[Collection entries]
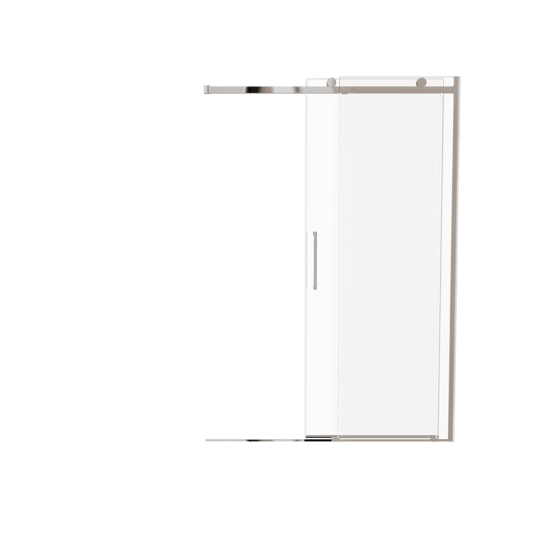 Luca Varess Boltano porte coulissante 140 cm x 200 cm verre transparent chrome profil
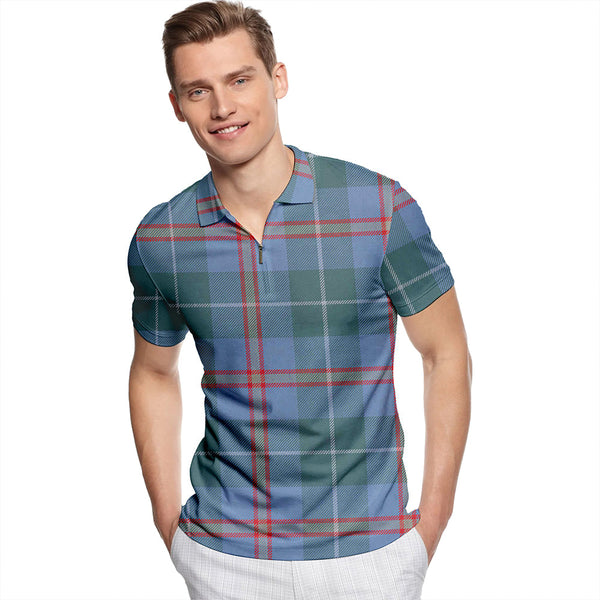 Bryson 1988 Weathered Tartan Classic Lapel Zip Short Sleeve Polo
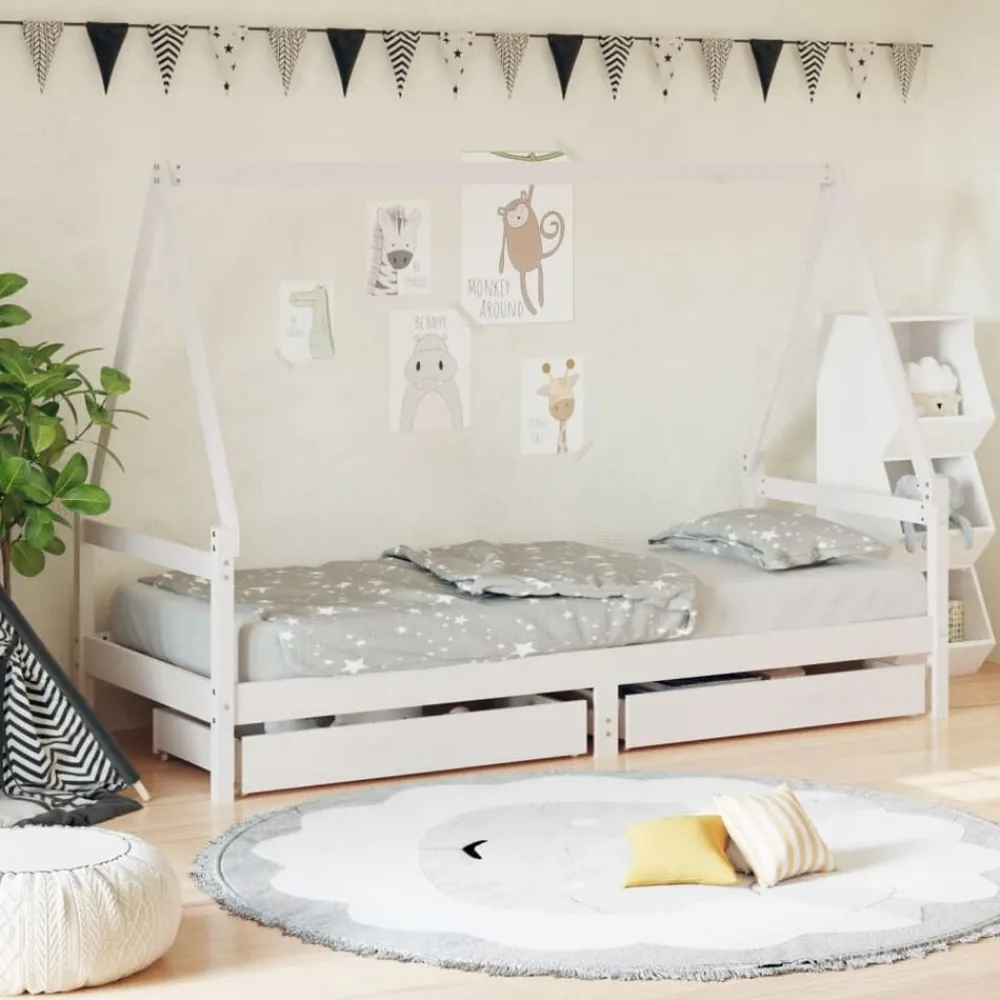 Meubelen Voor Baby'S & Peuters*vidaXL Kinderbedframe met lades 80x200 cm massief grenenhout Wit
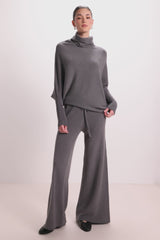 Asymmetric Draped Roll Neck | Charcoal | Seamless Knit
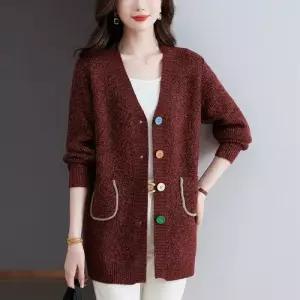 M1 여자 하프 니트 봄 가을 카디건 러블리 기장 스웨터 상의 굵은 실 빅사이즈 JEN3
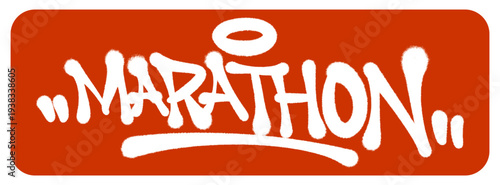 Marathon Graffiti Tag Celebrating the Human Will and Endurance of Long Distance Running in a Street Art Style.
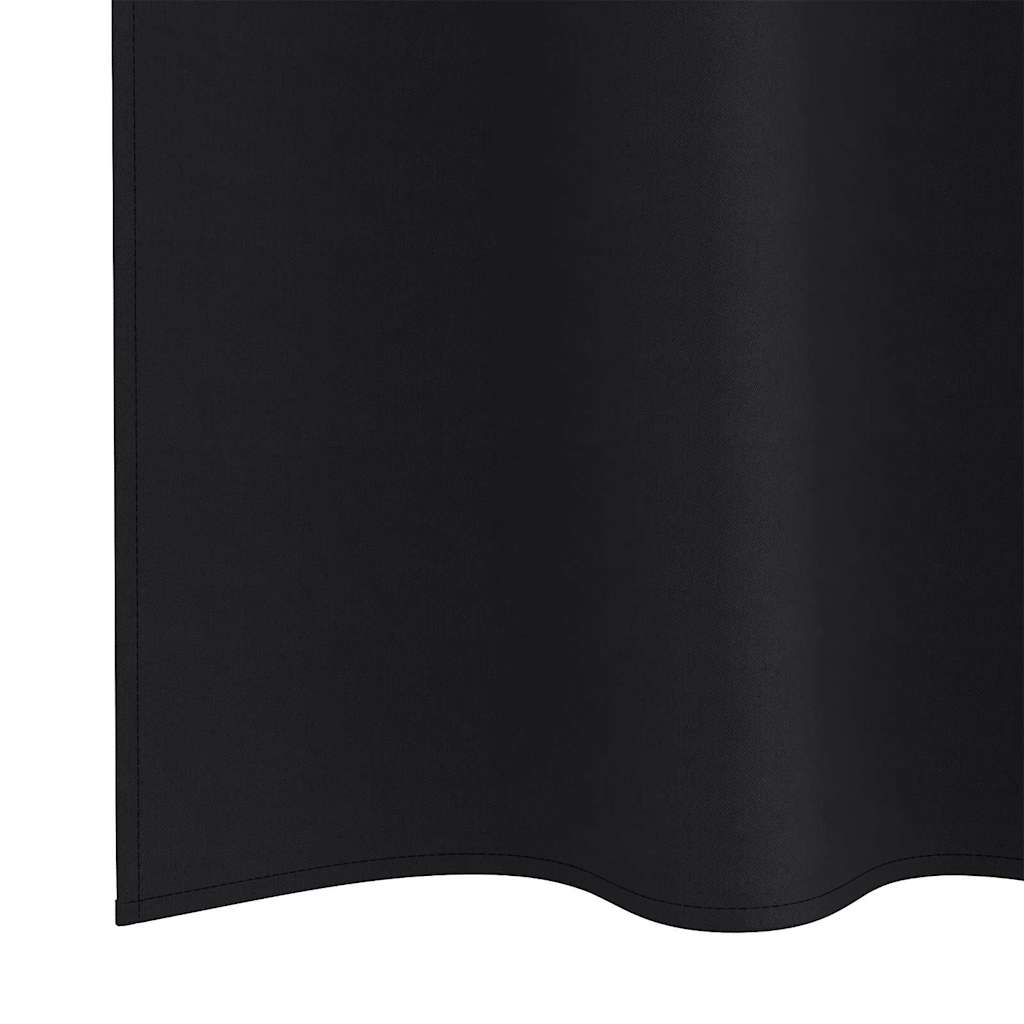 Blackout Curtains with Rings 2 pcs Black 245 x 140 cm Polyester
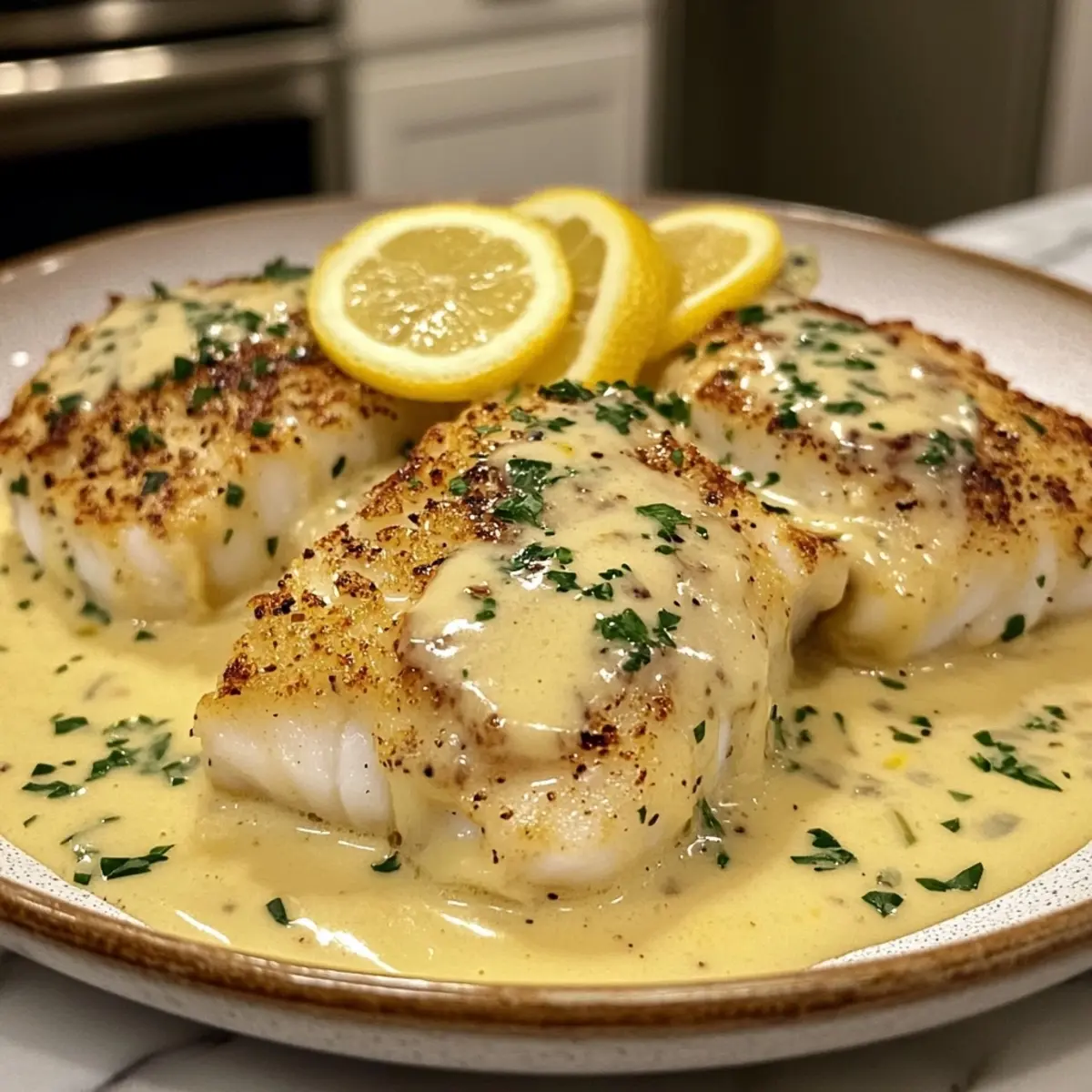 Baked Cod in Coconut Lemon Cream Sauce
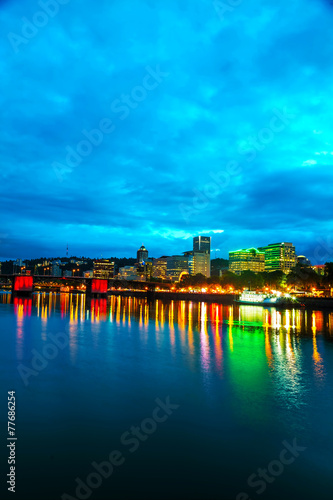 Downtown Portland cityscape at the night time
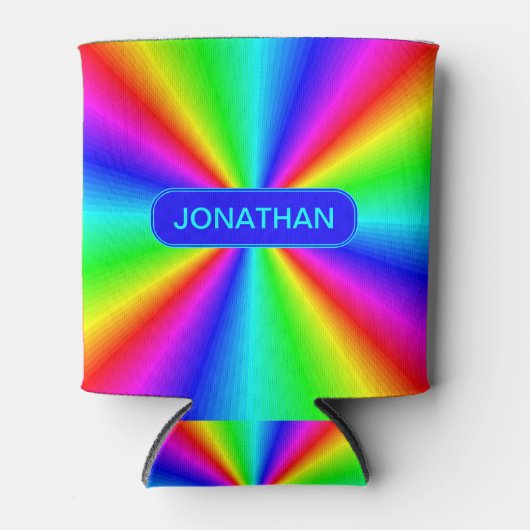 明カラフルるい虹パーソナライズされた 缶クーラー (正面)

**Task instructions:**
Whatever the records hold apart from pictures should be repeated exactly.

**Response area:**
 Luca Varess Boltano porte coulissante 140 cm x 200 cm verre transparent chrome profil
 Bryson 1988 Weathered Tartan Classic Lapel Zip Short Sleeve Polo
 Meubelen Voor Baby'S & Peuters*vidaXL Kinderbedframe met lades 80x200 cm massief grenenhout Wit
 Asymmetric Draped Roll Neck | Charcoal | Seamless Knit
 M1 여자 하프 니트 봄 가을 카디건 러블리 기장 스웨터 상의 굵은 실 빅사이즈 JEN3
 Marathon Graffiti Tag Celebrating the Human Will and Endurance of Long Distance Running in a Street Art Style.
 Blackout Curtains with Rings 2 pcs Black 245 x 140 cm Polyester
 Baked Cod in Coconut Lemon Cream Sauce
 Downtown Portland cityscape at the night time
 明カラフルるい虹パーソナライズされた 缶クーラー (正面)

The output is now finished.